Back at her house, Molly's sobbing like a shark's ripping her legs to shreds. The doorbell rings and a gorilla is standing there with a GorillaGram. The gorilla places a boom box on the table and out blasts the karaoke version of "YMCA." The gorilla starts singing about how Jim's a special guy, but she did the right thing and he's got a wife and she left him high and dry and a buncha crap that's supposed to make her feel better but man...I just don't get it. I'd be beating the crap outta the gorilla for even bringing up the sore subject. The gorilla removes its head and it's...Ed. Naturally. They hug and Molly asks if he shouldn't be at the gymnasium right now. Ed says yeah and he's got to be skedaddling but he had time to come over and cheer up his buddy and that was pretty important. Dammit. Let 'em kiss. Let Ed and Molly just get it ONNNN. Let them be a visual interpretation of a Marvin Gaye tune. These two horndogs deserve it.
So Shirley's at the alley and Frankenhomie walks up.
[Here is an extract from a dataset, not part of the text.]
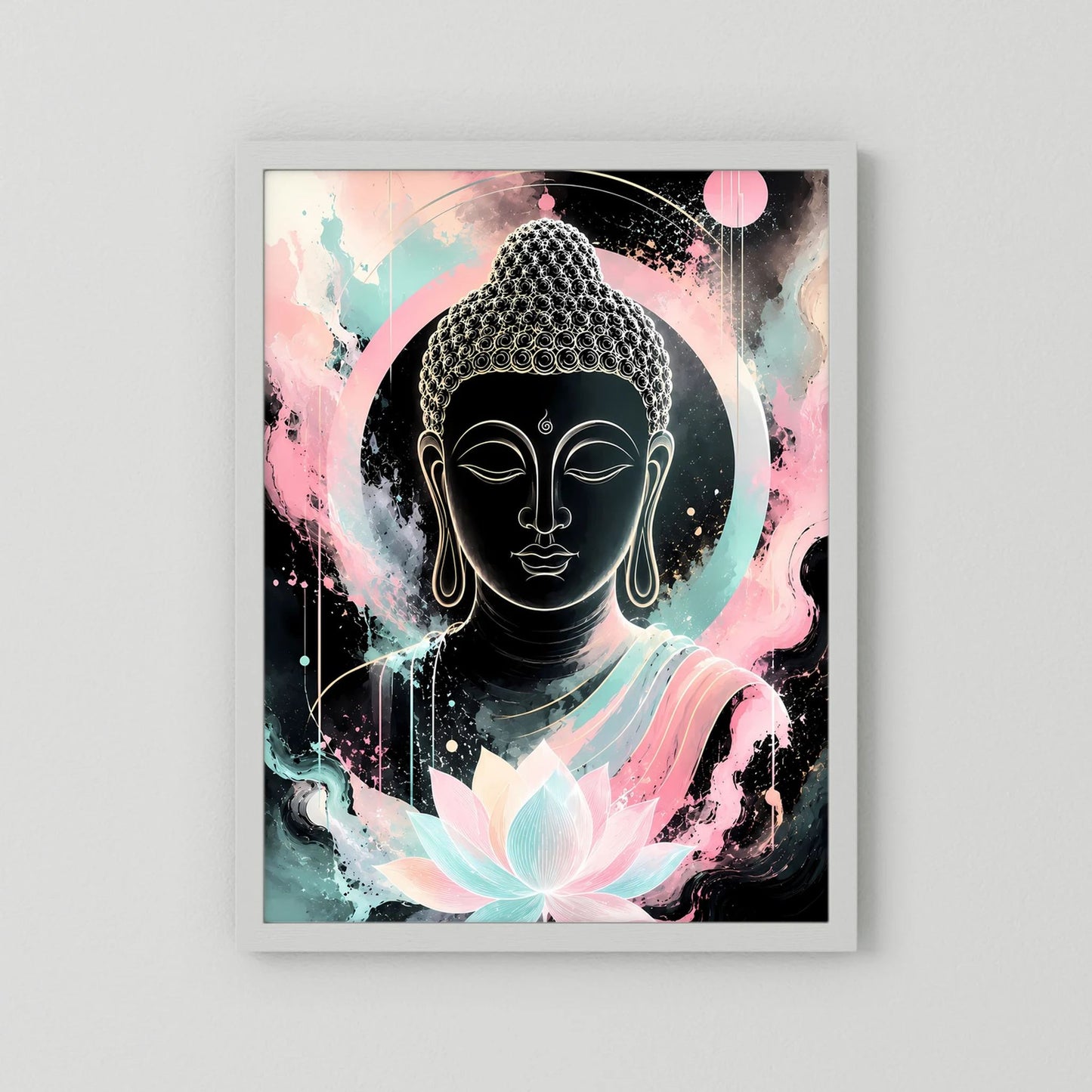 Buddha-Poster im Hochformat mit Lotusblüte, weißer Einfassung ohne sichtbaren Rahmen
They don't say a word to each other as usual. Finally, Frankie speaks up and hits her with the icebreaker of all icebreakers: "How you doin'?" Shirley responds with "Itchy." Frankie walks away, and Shirley beams because she finally said something. Kenny and Phil are watching and Kenny asks Phil, "How cute was that?" Phil gives it a seven...cuter than a chimp wearing overalls but not as cute as a hobo mouse with all its belonging tied to a stick. Me? I'd give it a six...cuter than a naked baby urinating on a VCR but not as cute as the baby getting electrocuted in the process.
Ed and Molly are sipping tea. Ed's STILL bitching about Richard Reid. Molly asks, "The shoe bomber?" and Ed says no, the guy that scored the winning goal in that game fifteen years ago that even people who don't watch Ed are getting sick of hearing about. Molly starts babbling about how when you cut open a tree and it's got all these rings inside and how you can look at those rings and see how some of the years were good ones and some were bad ones but they're all rings and the rings make up the trees. Ed says that Richard Reid has no bad rings in his tree and he never misses foul shots or sees his lover with her husband in a park and never breaks down and has to eat an entire rib roast to soothe his nerves. They talk about trees some more, really fast and really boring. My God. I rewound the tape several times to listen to it over and over again and it's the most nonsensical analogy to life that I've ever heard. I cannot bring myself to transcribe it here. I apologize. If this offends you in anyway, for chrissakes....you aren't missing much. Trust me.